Outro cenário pós-Mubarak seria a transferência ou a tomada do poder por uma junta militar (semelhante ao que ocorreu em 1952 com Nasser) - no Egipto, controlar o Exército é essencial. Neste contexto, o general Omar Suleiman, chefe dos serviços secretos e um dos aliados mais próximos do Presidente, é relevante. Foi Suleiman que organizou a luta armada contra os islamistas e vários analistas consideram-no o homem mais poderoso depois de Mubarak. Ninguém conhece melhor as pressões internas ou a estrutura do regime.

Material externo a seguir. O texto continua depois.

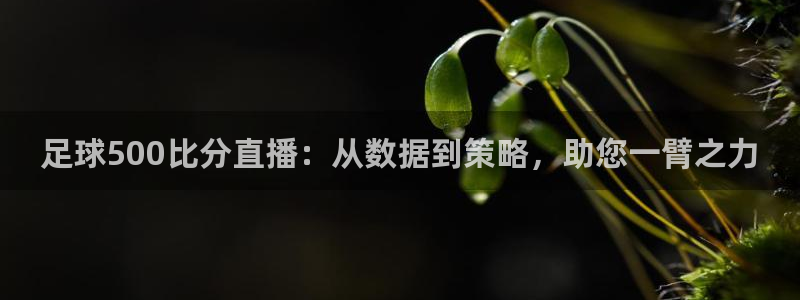 河豚体育nba直播：足球500比分直播：从数据到策略，助您一臂之力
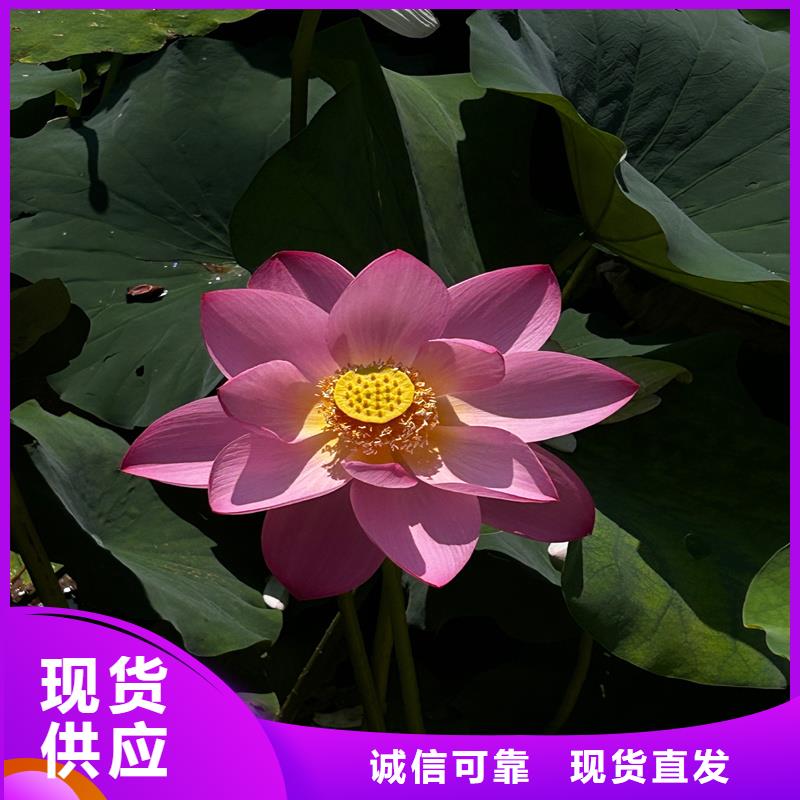 購(gòu)買(mǎi)荷花苗基地-現(xiàn)貨充足有保障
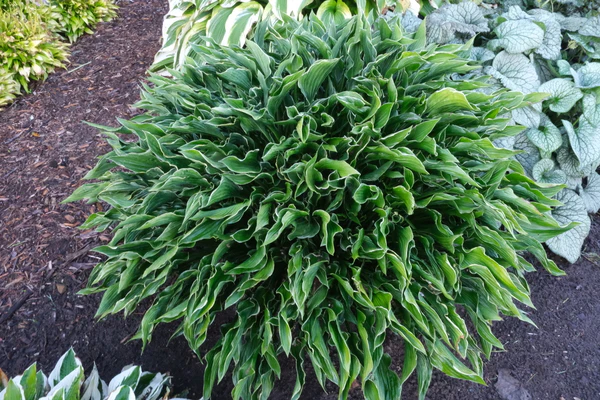 Hosta "Praying Hands" (Hosta hybrid)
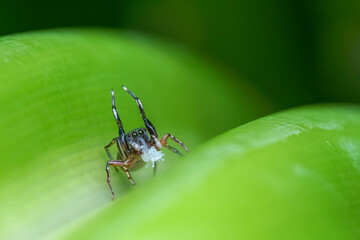 spider on a leaf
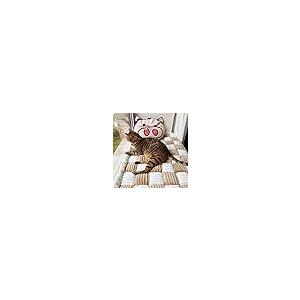 【並行輸入品】 Happycare Texti...の詳細画像5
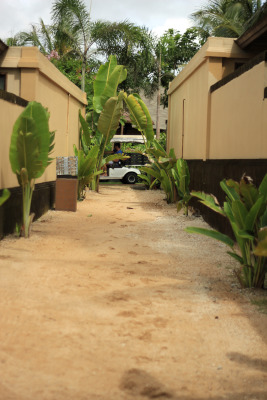 b0038638_13174140.jpg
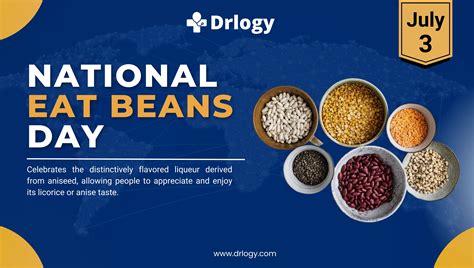 National Eat Beans Day July 3 Activities And Amazing Facts Drlogy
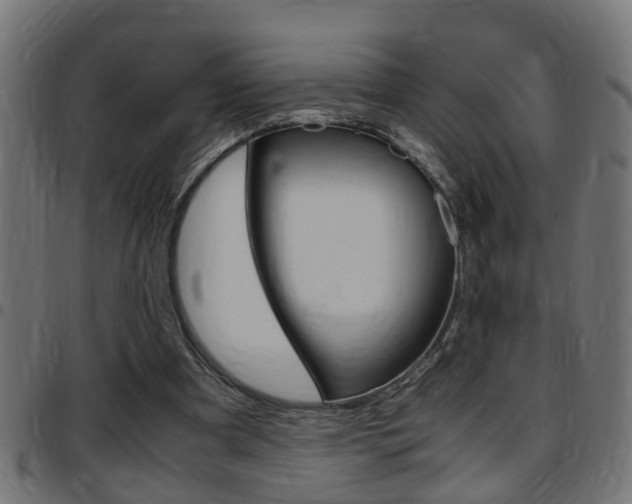 X0000097780297200803070919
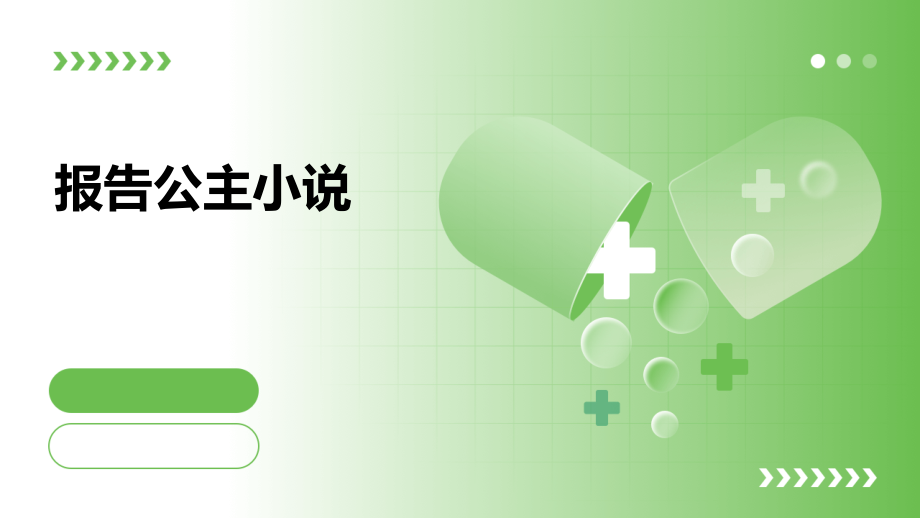 报告公主小说.pptx_第1页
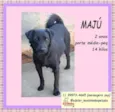 Maju
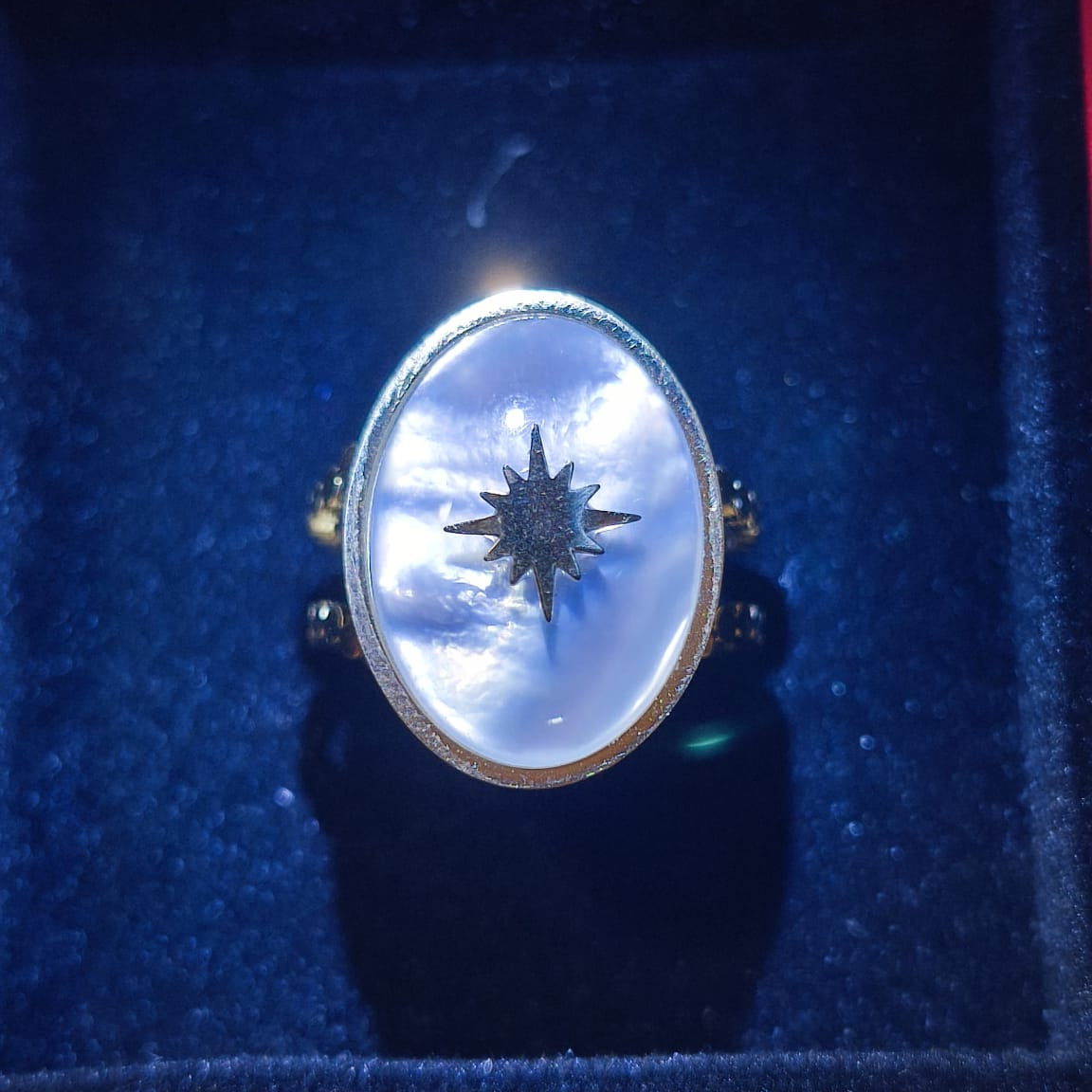 Polaris – Ayarlanabilir Çelik Yüzük | Chérie cherieonline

"Suleiman teria o apoio do aparelho de segurança e é internacionalmente visto como um diplomata astuto", opina Nael Shama. "Mas ele nasceu em 1935, e não parece ter ambições políticas. É exactamente por isso que o Presidente confia tanto nele."

Uma transição democrática parece improvável, e o clima de incerteza assombra o país: caso Mubarak desaparecesse repentinamente, não seria impossível assistir à subida de um general desconhecido ou a um período de caos e instabilidade.

"Os partidos da oposição estão divididos e dificilmente conseguirão disputar o poder em 2011", explica Shama. Para isso seria necessário que uma coligação que os incluísse a todos apoiasse um candidato de consenso nacional. Potenciais candidatos civis não faltariam: Mohamad ElBaradei, actual chefe da Agência Internacional de Energia Atómica, ou Amr Moussa, da Liga Árabe, teriam apoio. Com as barreiras legais e a capacidade comprovada do regime para punir opositores, o mais provável é que tão cedo não apareça uma força de oposição suficientemente consolidada.

Por enquanto, o monopólio do poder parece destinado a manter-se nas mãos do PND. Mas a tensão nas margens do Nilo promete aumentar.